## Brief
The output should be every line below, retyped exactly, with no images.

══════

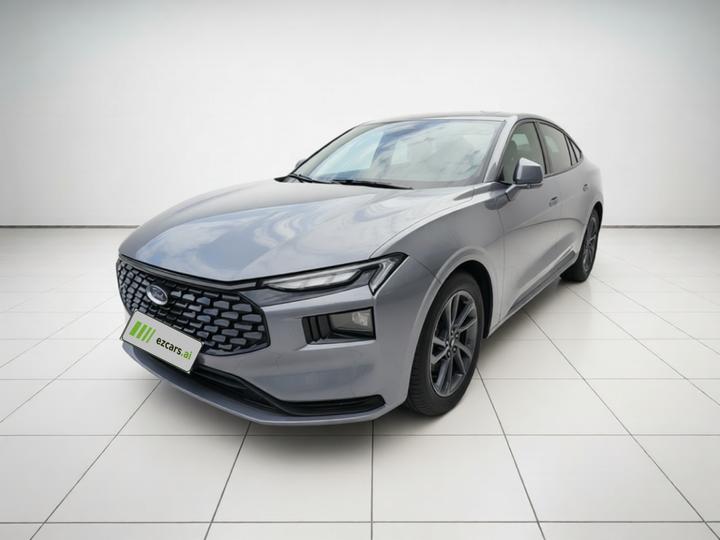 Mondeo 2025 1.5T EcoBoost Luxury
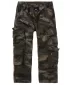 Панталони BRANDIT PURE BD6007 DARKCAMO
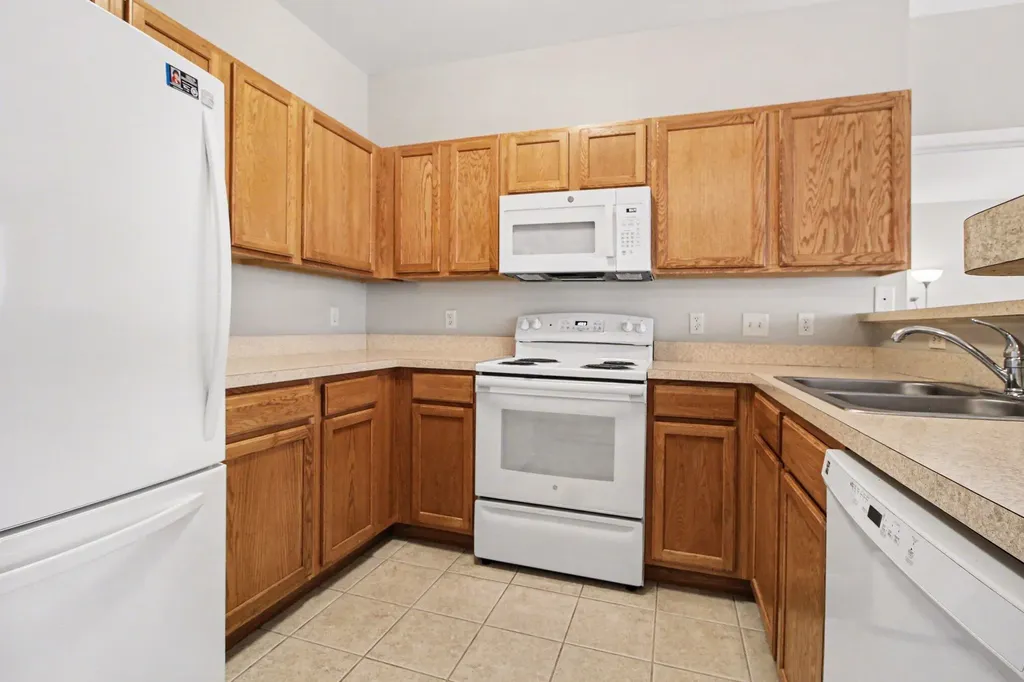 3242 Primrose Lane Pittsfield Charter Township MI 48197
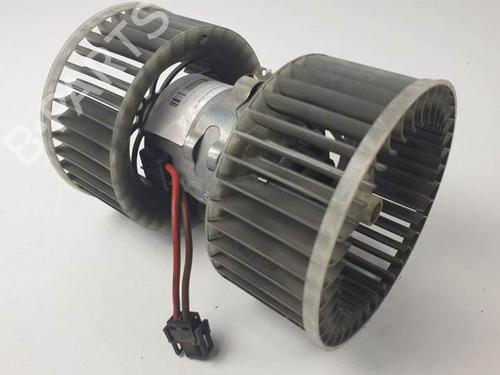 Heater blower motor BMW X3 (E83) xDrive 20 d | BP19923189M62 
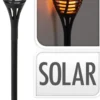 TORCHE SOLAIRE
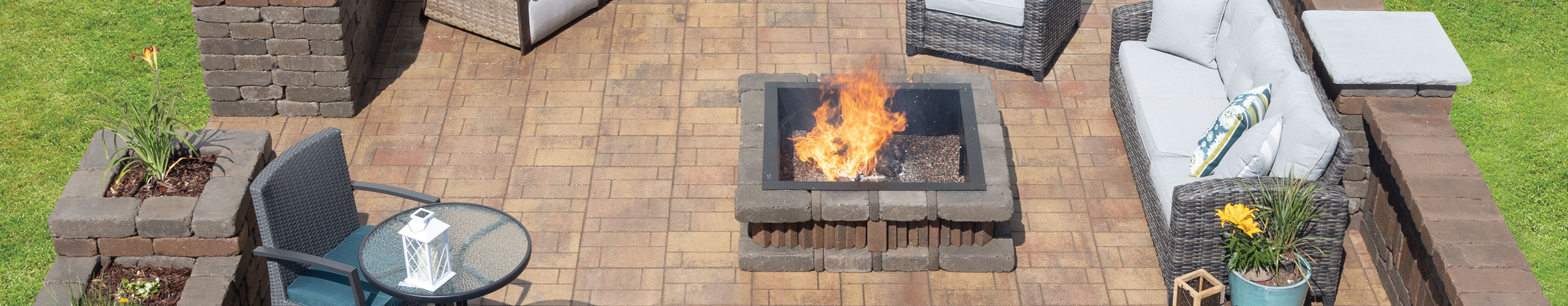 MM Concrete | Castle Rock Collection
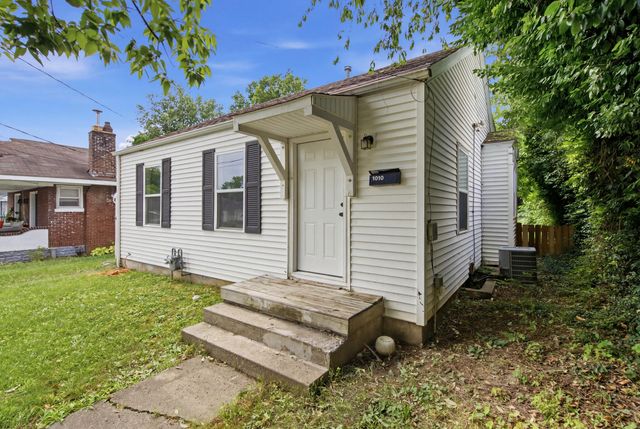 1010 Rosemont Avenue, Danville, KY 40422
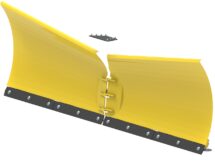 Iron Baltic Gen 2 V - Puskulevy 150 cm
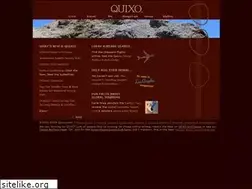 Sites similar to quixo.com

══════

## Exercise response
 Mondeo 2025 1.5T EcoBoost Luxury
 Панталони BRANDIT PURE BD6007 DARKCAMO
 3242 Primrose Lane Pittsfield Charter Township MI 48197
 Heater blower motor BMW X3 (E83) xDrive 20 d | BP19923189M62 
 TORCHE SOLAIRE
 MM Concrete | Castle Rock Collection
 1010 Rosemont Avenue, Danville, KY 40422
 Iron Baltic Gen 2 V - Puskulevy 150 cm
 Sites similar to quixo.com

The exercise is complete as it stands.